# [ABOUT THIS EXERCISE]
Transcribe exactly, leaving out pictures, the lines from the one that holds "Cuaderno Foto de" through the end of the data below, including both end lines and no others.

= = = = =

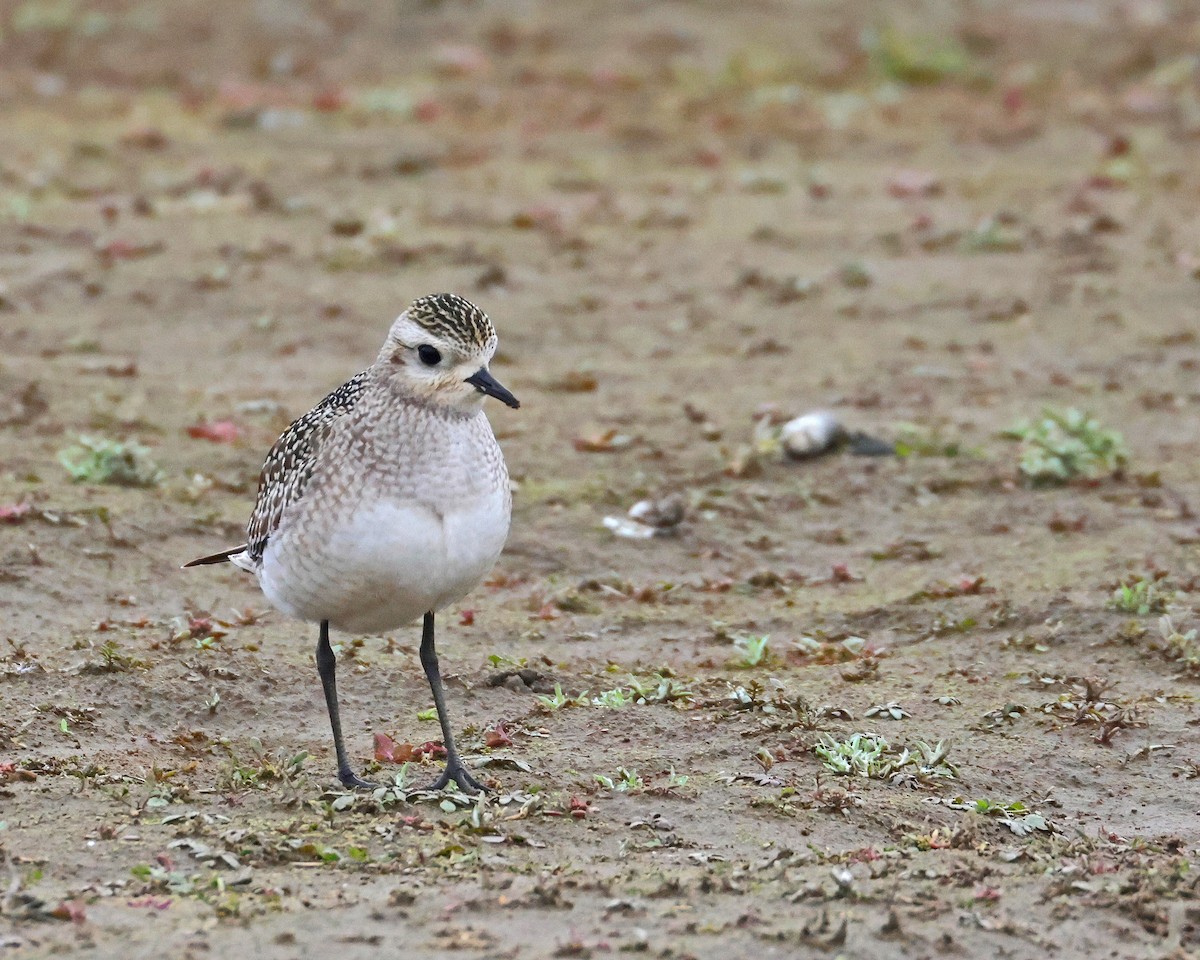 American Golden-Plover - ML644604166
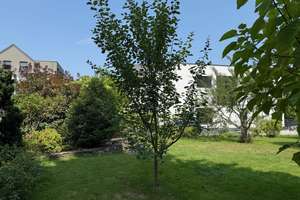 BONN OBERKASSEL freist. Einfam. Haus mit ca. 200 m² Wfl., 841 m² GrSt. Keller, Garage, Baugrundstück – Die vollständige Adresse der Immobilie erhältst du vom Anbieter., 53227 Oberkassel, Bonn – Vorschaubild 54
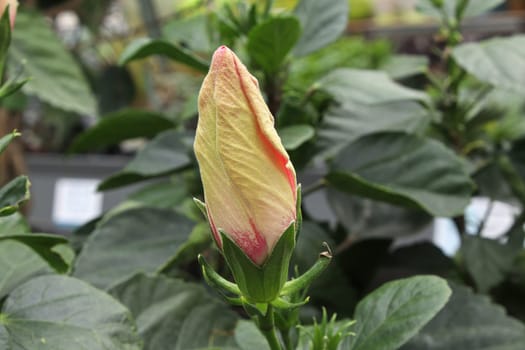 A Hibiscus bud about to open up.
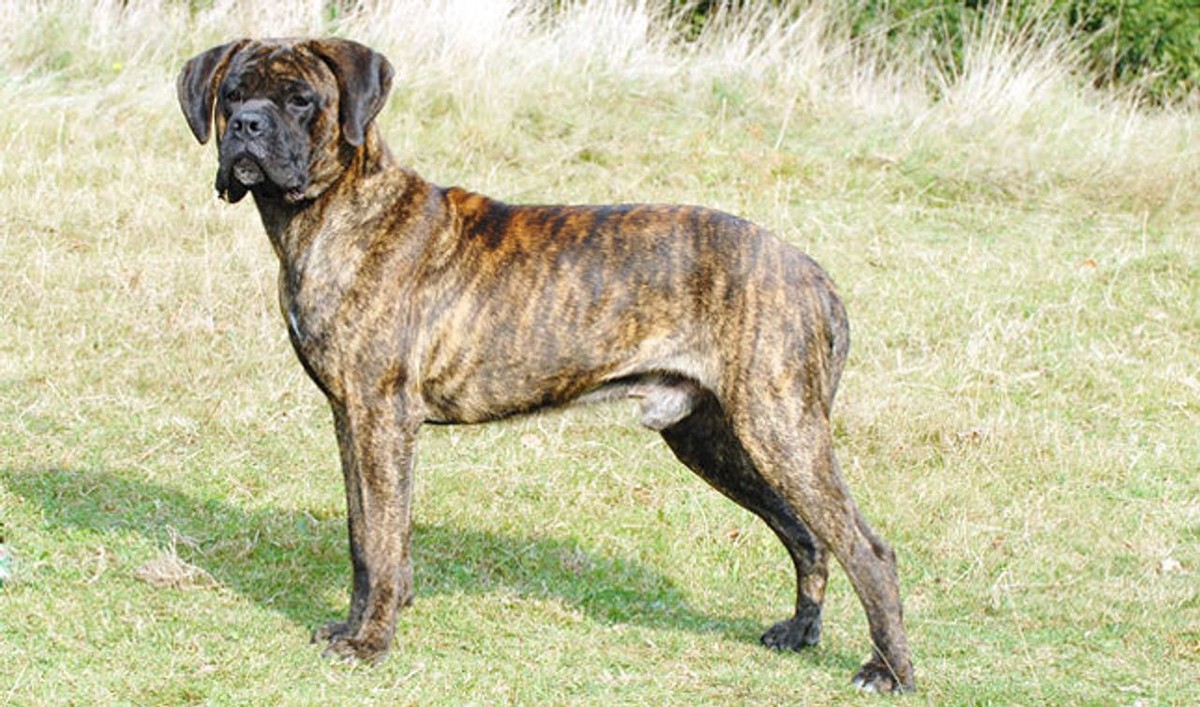 Cane Corso photo 1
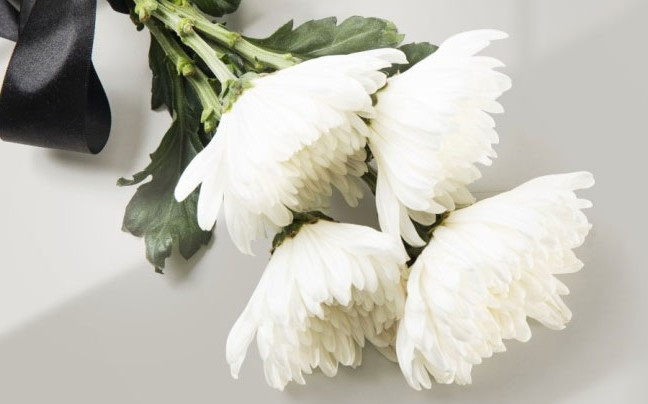 西安棗園山公墓電話號碼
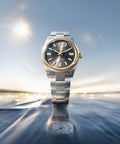 Rolex Oyster Perpetual Silver Gold Grey 2026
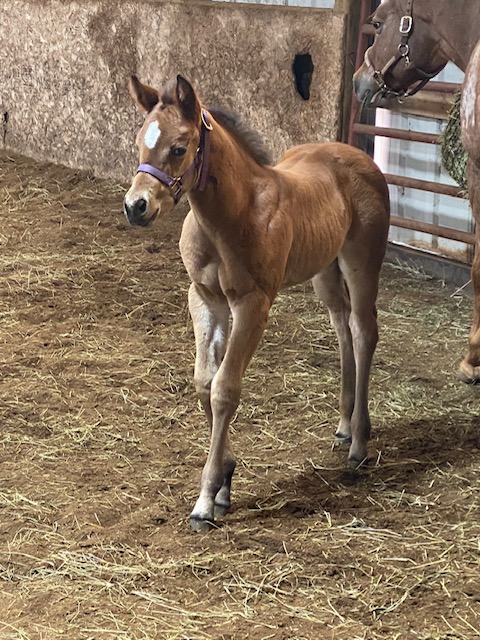 EC Foal Photo of the Day – Built Like a Little Tank and the Sass to Go With It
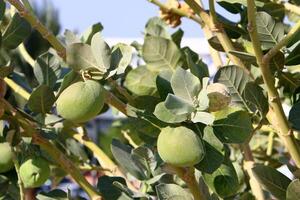 Adams Apfel Früchte und Blumen im ein Stadt Park im Israel. foto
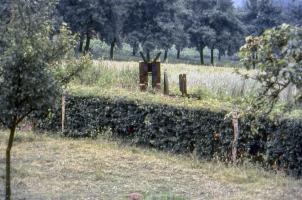 Ligne Maginot - HOLBACH - (Barrage de Route) - 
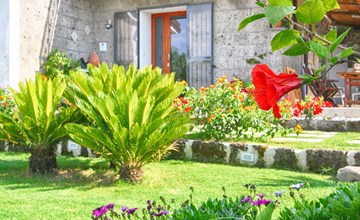 "Villa Flore" Sorrent und Amalfiküste 3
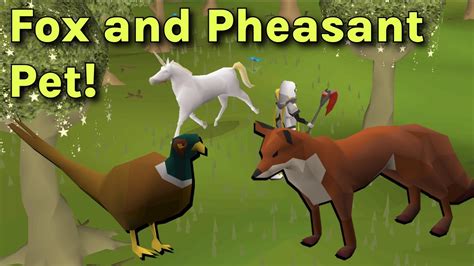 osrs pet fox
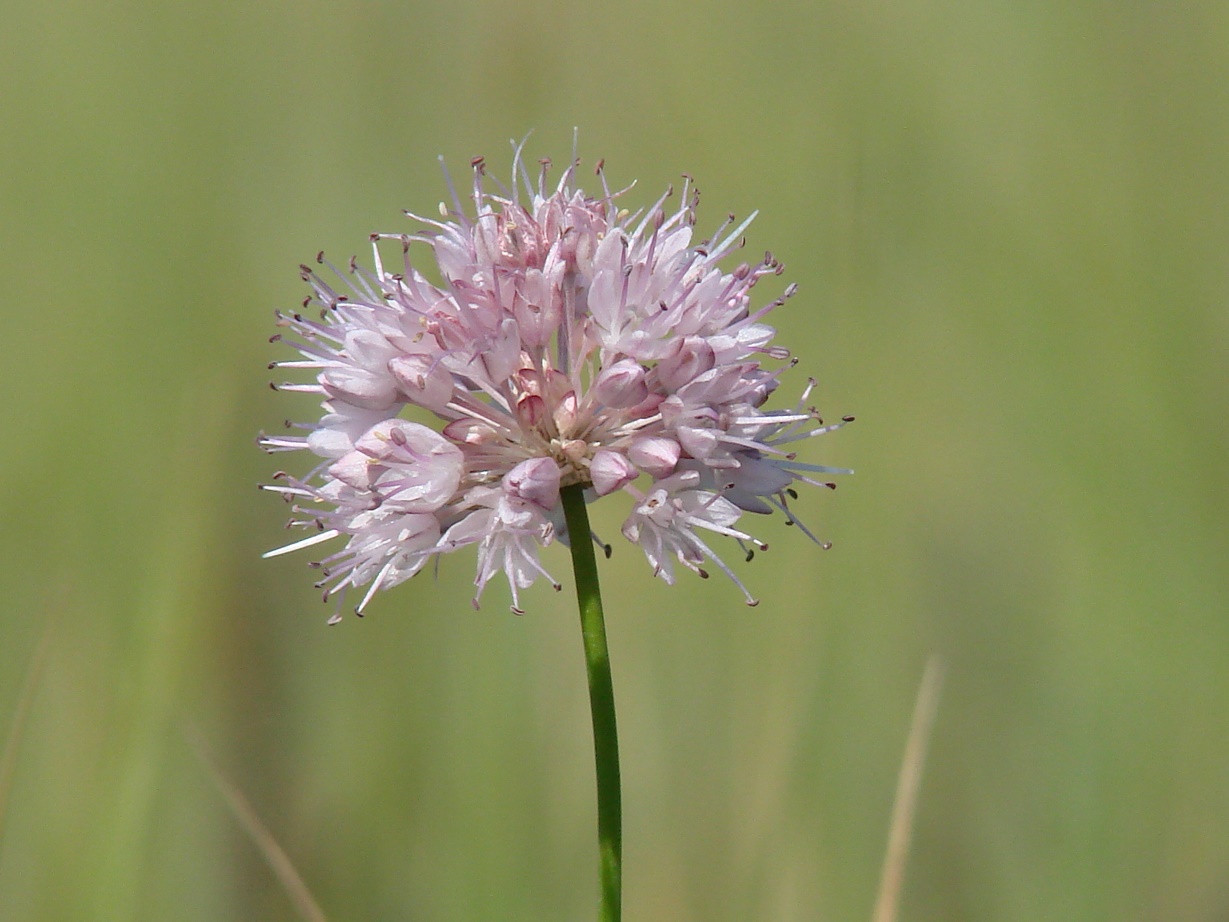 Изображение особи Allium splendens.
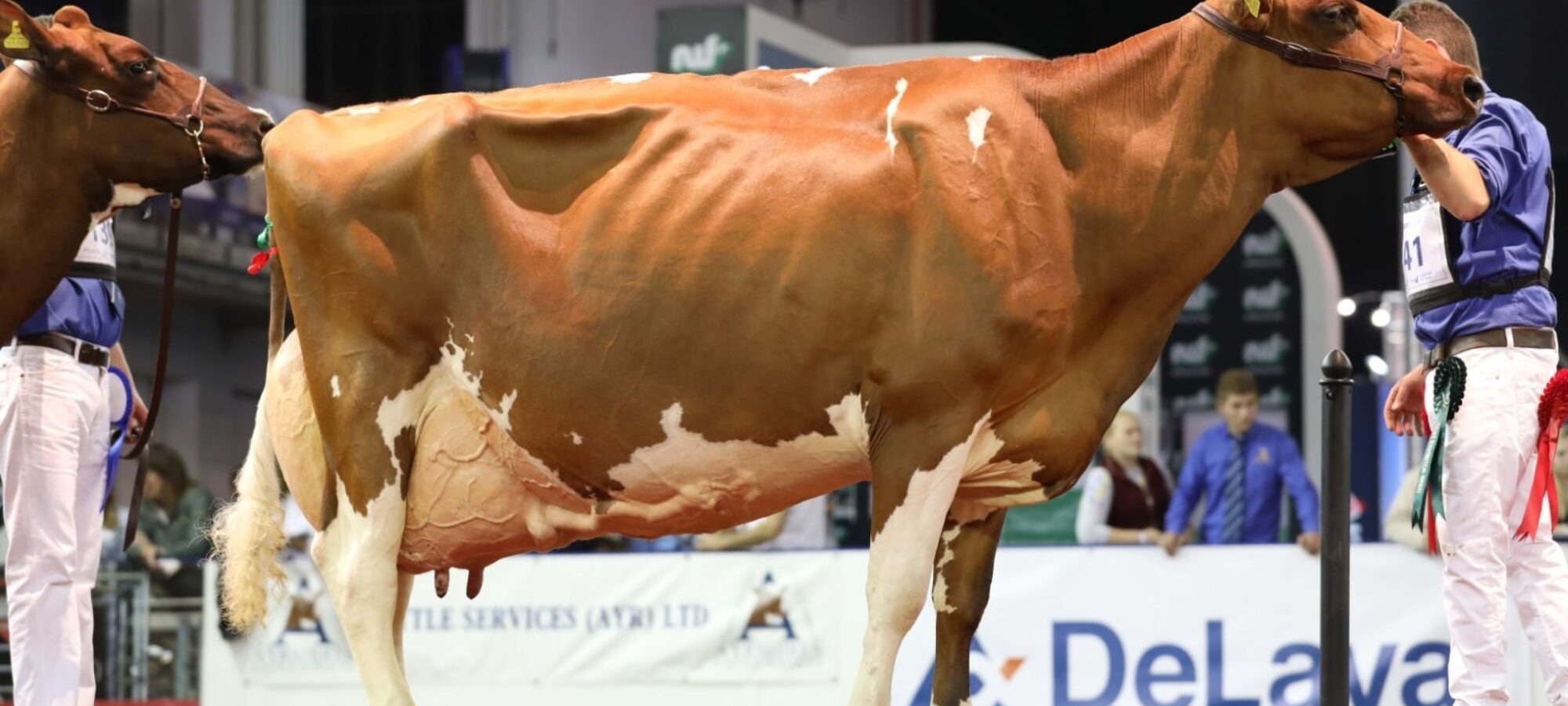 Hunnington Fragy 16 EX96 (5E) the maternal sister to Hunnington Fantasy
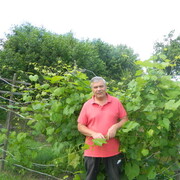  ,   Yuri, 66 ,   ,   , 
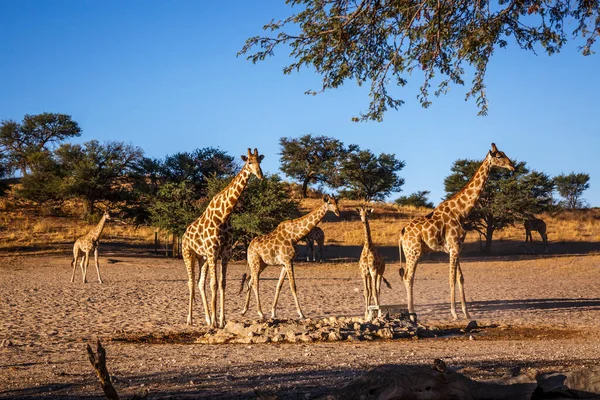 Güney Afrika 'daki Kgalagadi sınır ötesi parkında küçük bir grup zürafa; Giraffidae ailesinden Tür Giraffa camelopardalis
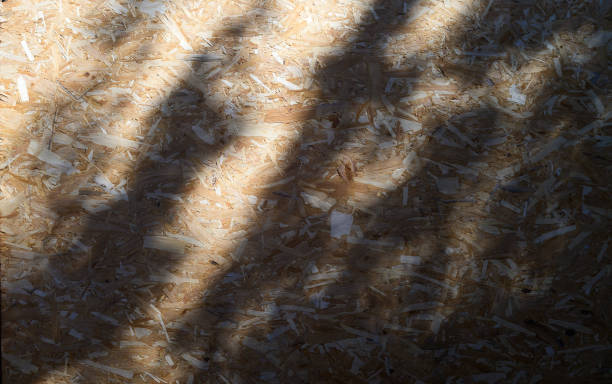 Shadows dance on textured wood surface in early morning light creating a mesmerizing natural mosaic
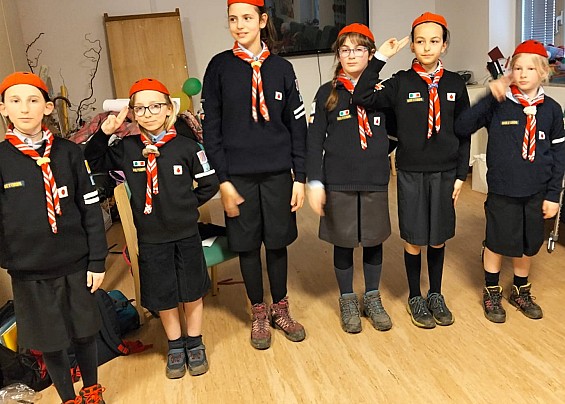 GIOCHI DIVERTENTI CON LE COCCINELLE LUCINICO 1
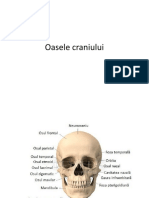 Oasele Craniului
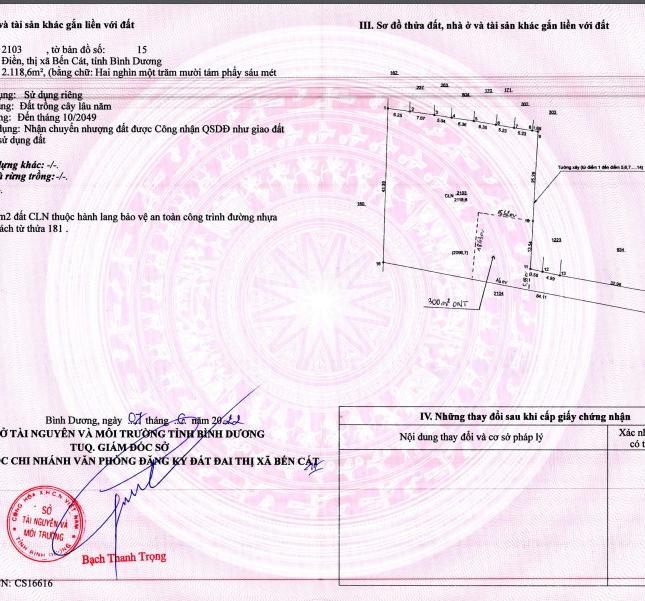 Đất An Điền Bến Cát Bình Dương 2188m2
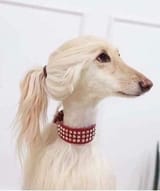 doggo_thot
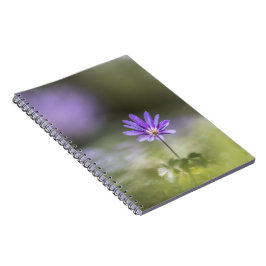 Cuaderno Foto de la Naturaleza de los Aceitunas Griegos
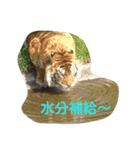 animal Nitijyo（個別スタンプ：4）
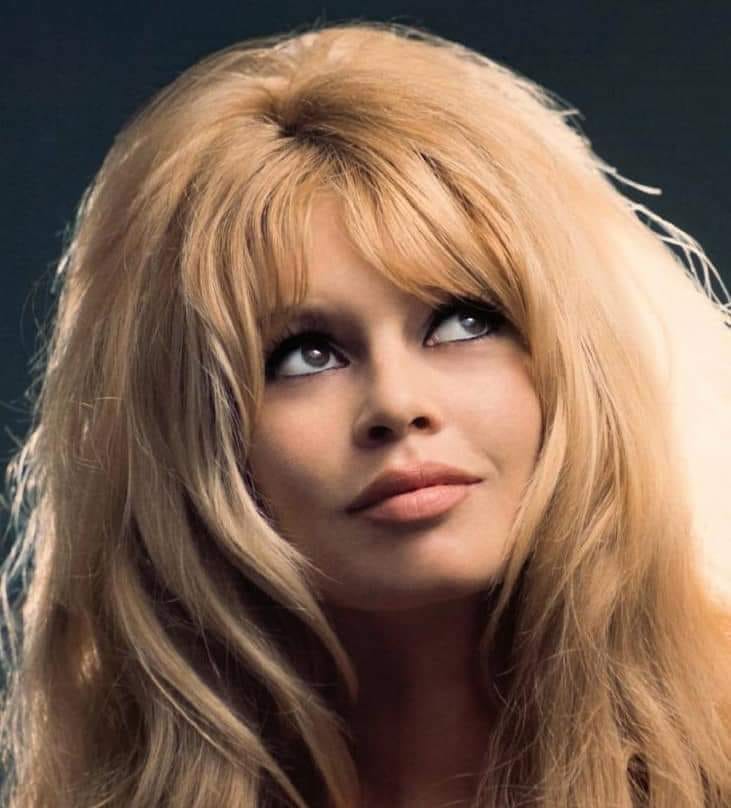 VIDEO | Decesul actriței Brigitte Bardot | Apropiații vedetei, la Saint-Tropez pentru a pregăti funeraliile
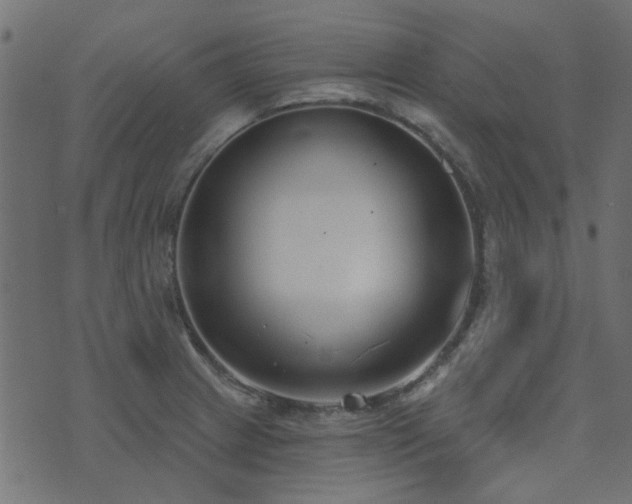 X0000074321233200608251252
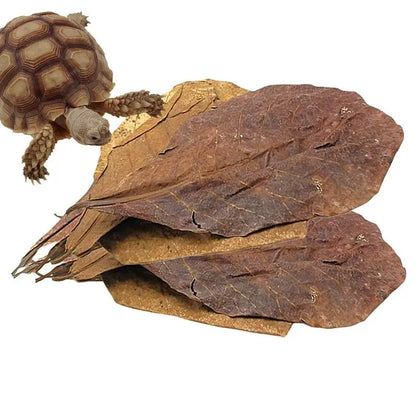 Aquarium Tank Accessories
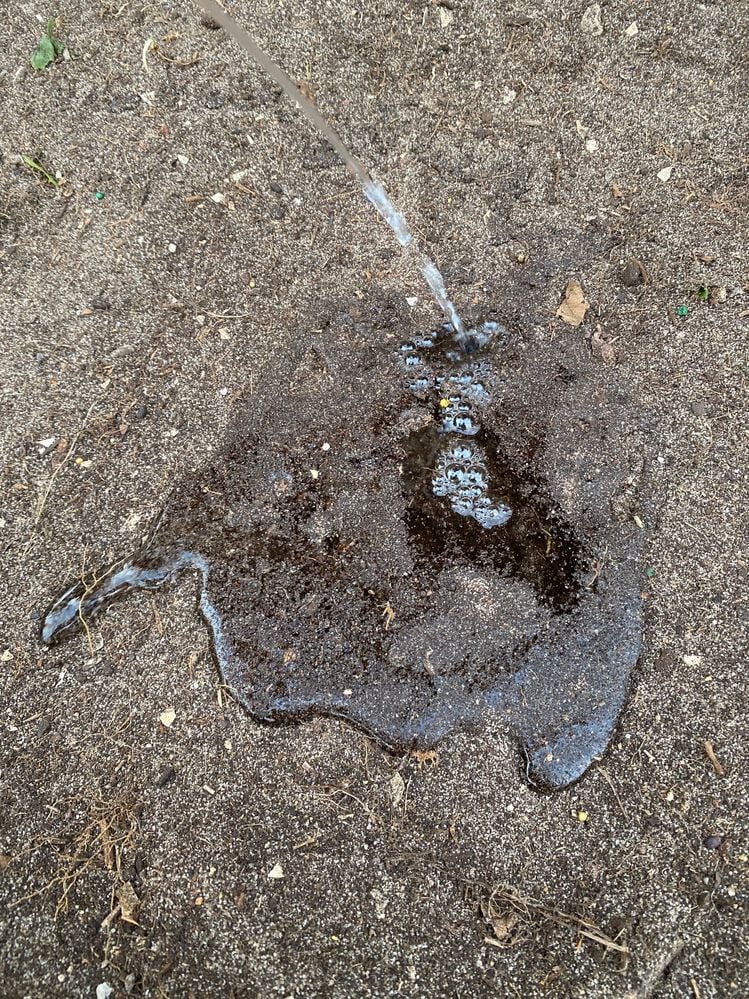 IMG_0733.jpeg IMG_0733.jpeg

= = = = =

# [RESPONSE TO THIS EXERCISE]
 Cuaderno Foto de la Naturaleza de los Aceitunas Griegos
 animal Nitijyo（個別スタンプ：4）
 VIDEO | Decesul actriței Brigitte Bardot | Apropiații vedetei, la Saint-Tropez pentru a pregăti funeraliile
 X0000074321233200608251252
 Aquarium Tank Accessories
 IMG_0733.jpeg IMG_0733.jpeg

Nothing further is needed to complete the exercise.